For the first time, the phylogenetic profile was used to predict gene function based on homologies of a reference genome across organisms (Pellegrini et al., 1999). The phylogenetic profile plays a critical role in exploring gene functions (Eisen and Wu, 2002; Jiang, 2008; Li et al., 2014). In addition, the phylogenetic profile has been widely explored in the protein-protein interactions (Pellegrini et al., 1999; Date and Marcotte, 2003; Wu et al., 2003). We first combined the phylogenetic profile and the ML method to explore the PHI. The features extracted from the phylogeny can better reflect the homology relationship in the evolution of the various organisms.

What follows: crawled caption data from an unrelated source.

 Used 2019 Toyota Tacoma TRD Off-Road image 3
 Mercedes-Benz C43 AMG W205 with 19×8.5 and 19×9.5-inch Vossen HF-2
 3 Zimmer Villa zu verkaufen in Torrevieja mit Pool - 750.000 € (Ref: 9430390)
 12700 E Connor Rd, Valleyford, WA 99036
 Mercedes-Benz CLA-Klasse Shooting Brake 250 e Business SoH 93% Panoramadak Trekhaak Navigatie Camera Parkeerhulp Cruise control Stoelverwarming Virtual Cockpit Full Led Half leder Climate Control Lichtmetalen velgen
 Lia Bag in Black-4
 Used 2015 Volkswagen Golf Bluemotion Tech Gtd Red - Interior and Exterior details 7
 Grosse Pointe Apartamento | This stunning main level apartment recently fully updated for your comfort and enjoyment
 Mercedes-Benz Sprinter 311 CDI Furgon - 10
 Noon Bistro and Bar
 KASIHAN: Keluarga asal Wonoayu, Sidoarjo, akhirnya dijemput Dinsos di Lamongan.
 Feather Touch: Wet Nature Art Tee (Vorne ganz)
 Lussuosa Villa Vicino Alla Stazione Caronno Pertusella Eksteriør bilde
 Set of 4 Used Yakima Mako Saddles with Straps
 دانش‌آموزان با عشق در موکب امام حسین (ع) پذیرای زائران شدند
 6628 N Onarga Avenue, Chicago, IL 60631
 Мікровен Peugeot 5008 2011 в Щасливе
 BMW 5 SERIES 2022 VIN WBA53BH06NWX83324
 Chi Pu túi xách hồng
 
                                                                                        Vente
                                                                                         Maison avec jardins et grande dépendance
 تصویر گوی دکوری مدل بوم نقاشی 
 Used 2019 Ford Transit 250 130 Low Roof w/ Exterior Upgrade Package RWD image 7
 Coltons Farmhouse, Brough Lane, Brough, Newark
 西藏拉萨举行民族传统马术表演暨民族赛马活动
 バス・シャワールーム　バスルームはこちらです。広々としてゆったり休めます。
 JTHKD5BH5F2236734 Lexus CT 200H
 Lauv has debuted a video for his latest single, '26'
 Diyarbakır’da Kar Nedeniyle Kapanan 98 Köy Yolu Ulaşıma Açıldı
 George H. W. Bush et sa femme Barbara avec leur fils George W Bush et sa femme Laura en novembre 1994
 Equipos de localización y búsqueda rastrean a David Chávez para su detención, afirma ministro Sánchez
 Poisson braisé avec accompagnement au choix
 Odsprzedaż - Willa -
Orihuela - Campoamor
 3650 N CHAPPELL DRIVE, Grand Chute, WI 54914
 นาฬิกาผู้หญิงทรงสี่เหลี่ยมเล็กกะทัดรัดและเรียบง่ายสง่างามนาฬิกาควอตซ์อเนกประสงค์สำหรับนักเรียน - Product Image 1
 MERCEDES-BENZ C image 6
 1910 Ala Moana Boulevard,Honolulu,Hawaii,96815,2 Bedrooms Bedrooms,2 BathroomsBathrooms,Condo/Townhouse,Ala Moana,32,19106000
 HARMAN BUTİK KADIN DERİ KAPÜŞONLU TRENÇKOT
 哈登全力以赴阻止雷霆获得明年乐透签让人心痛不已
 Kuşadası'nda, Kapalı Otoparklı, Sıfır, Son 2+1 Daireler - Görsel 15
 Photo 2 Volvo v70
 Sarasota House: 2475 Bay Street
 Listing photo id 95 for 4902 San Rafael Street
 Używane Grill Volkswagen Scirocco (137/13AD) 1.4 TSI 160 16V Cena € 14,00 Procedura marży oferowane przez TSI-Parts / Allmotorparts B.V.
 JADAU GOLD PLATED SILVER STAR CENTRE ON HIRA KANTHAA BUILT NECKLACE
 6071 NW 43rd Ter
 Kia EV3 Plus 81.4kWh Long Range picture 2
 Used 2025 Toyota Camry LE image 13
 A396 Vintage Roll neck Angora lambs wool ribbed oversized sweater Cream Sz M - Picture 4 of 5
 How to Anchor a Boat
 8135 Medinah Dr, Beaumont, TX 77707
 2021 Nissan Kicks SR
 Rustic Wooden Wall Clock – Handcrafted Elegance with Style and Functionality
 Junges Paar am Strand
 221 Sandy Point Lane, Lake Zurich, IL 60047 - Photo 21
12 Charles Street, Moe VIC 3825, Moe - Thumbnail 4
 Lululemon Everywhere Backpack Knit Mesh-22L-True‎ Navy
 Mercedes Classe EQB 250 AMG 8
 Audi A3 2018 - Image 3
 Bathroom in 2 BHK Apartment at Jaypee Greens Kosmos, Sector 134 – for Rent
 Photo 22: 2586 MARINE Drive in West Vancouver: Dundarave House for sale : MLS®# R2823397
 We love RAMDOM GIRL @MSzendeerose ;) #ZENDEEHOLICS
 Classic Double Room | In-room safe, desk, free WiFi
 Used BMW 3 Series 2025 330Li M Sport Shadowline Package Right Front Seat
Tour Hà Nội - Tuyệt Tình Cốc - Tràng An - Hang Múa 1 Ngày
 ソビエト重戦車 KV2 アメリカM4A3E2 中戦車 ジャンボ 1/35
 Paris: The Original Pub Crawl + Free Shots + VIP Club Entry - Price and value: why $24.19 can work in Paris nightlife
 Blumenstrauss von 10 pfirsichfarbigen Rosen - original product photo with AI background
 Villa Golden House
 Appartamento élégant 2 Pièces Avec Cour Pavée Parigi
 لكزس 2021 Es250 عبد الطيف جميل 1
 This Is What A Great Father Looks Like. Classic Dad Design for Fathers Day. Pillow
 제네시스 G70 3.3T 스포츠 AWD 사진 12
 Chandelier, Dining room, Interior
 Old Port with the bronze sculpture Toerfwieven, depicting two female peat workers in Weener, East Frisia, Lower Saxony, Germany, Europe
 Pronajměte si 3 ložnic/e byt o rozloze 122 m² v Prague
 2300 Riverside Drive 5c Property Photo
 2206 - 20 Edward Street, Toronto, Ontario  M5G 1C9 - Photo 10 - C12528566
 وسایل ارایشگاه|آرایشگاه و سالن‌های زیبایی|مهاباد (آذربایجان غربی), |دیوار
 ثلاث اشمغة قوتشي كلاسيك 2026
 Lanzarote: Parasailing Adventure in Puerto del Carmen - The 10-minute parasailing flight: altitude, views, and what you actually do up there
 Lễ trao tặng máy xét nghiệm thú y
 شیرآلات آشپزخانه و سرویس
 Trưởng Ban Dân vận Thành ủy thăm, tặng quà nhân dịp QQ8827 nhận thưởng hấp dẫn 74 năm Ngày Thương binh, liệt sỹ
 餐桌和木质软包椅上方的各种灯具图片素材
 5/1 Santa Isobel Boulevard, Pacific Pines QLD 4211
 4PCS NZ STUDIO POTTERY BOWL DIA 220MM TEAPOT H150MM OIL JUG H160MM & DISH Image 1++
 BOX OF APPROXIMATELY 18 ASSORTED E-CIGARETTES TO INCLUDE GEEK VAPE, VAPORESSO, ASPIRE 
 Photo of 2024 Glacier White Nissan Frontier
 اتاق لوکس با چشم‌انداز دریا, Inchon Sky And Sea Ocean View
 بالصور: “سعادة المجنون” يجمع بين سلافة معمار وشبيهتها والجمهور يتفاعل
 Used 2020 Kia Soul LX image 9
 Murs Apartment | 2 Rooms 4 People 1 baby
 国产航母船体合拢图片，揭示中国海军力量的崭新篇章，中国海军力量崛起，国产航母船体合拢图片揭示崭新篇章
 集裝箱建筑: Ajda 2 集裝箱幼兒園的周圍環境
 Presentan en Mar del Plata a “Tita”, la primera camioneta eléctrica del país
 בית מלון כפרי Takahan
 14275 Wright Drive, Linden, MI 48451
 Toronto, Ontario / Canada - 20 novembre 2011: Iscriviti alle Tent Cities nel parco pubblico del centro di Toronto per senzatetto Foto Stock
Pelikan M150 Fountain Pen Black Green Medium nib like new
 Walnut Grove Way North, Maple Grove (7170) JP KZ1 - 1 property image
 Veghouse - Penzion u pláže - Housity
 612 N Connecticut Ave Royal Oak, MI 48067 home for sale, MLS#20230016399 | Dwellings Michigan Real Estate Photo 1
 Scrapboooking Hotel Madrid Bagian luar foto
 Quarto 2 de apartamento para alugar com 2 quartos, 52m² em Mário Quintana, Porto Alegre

We provide a new method named KPP (kmer phylogenetic profile) that extracts features from the phylogenetic profile for the ML-based method–predicted plant PHI. Our methods construct phylogenetic profiles by contig information and extend phylogenetic profiles by five various models [based on properties of amino acids (AAs)]. We concatenate the phylogenetic feature, and structure-based features significantly improved the prediction results suggesting that the descriptor features extracted from the phylogenetic profile are very important information for predicting plant PHI. In addition, the test results showed that the KPP method can also be applied to the PHI prediction of human bacteria and human viruses. The KPP method is implemented in the Java language (which supports Linux, Windows, and Mac OS platforms) and is freely accessible from the Github repository (https://github.com/yangfangs/KPP).

Results

Extracting phylogenetic profile features for predicting plant PHI

Here, we design a method named KPP that extracts features from phylogenetic profile to predict the interaction of plant pathogens and hosts (Figure 1). First, we build the contig index by kmer. We split each AA sequence into a kmer set and searched the consensus region of this kmer as contig index (Gregory, 2001). Using contigs as an index can effectively compress data compared to kmer while reducing the number of retrievals when extracting features and improving computational efficiency (Supplementary Figure 1). Second, we constructed the phylogenetic profile by the contig index; in this step, the rows and columns of the phylogenetic profile are represented by contigs and species, respectively (Figure 1A). Moreover, there were five different models used to build the phylogenetic profile. The AA profile is constructed by amino acids. The HY profile is constructed based on the hydrophilic and hydrophobic properties of AAs. The PO profile is driven by the polar properties of AAs, and the CH profile is built by the charged properties of AAs. The HY&PO&CH(CHP) profile concatenates three different properties of AAs to build a phylogenetic profile. The classification of various models based on the 20 common AAs has their specific chemical characteristics and their different roles in protein structure and function (Scheiner et al., 2002) are summarized in Supplementary Table 1. As shown in Figure 1B, we extracted features from binary phylogenetic profiles that combine or concatenate various method features to predict plant PHI. We trained this feature by the ML-based method; here, we use RF as a classifier to predict the interaction of PHI. Additionally, the area under the precision-recall curve (auPRC) is used as an indicator to evaluate the quality of the model.

FIGURE 1

Figure 1 The workflow of this work. (A) Construction of the kmer phylogenetic profile. Each protein sequence was cut to the kmer set and compressed to the contig index to construct the phylogenetic profile. There are AA, HY, PO, CH, and CHP models for building kmer phylogenetic profiles. (B) Extracting features and predicting by the ML method. There are two ways to merge features. One is the “combine method” for merging five models to extract features from phylogenetic profiles. Another is the “concatenate method” for the structure-based method. In this work, we use the RF method to predict plant PHI.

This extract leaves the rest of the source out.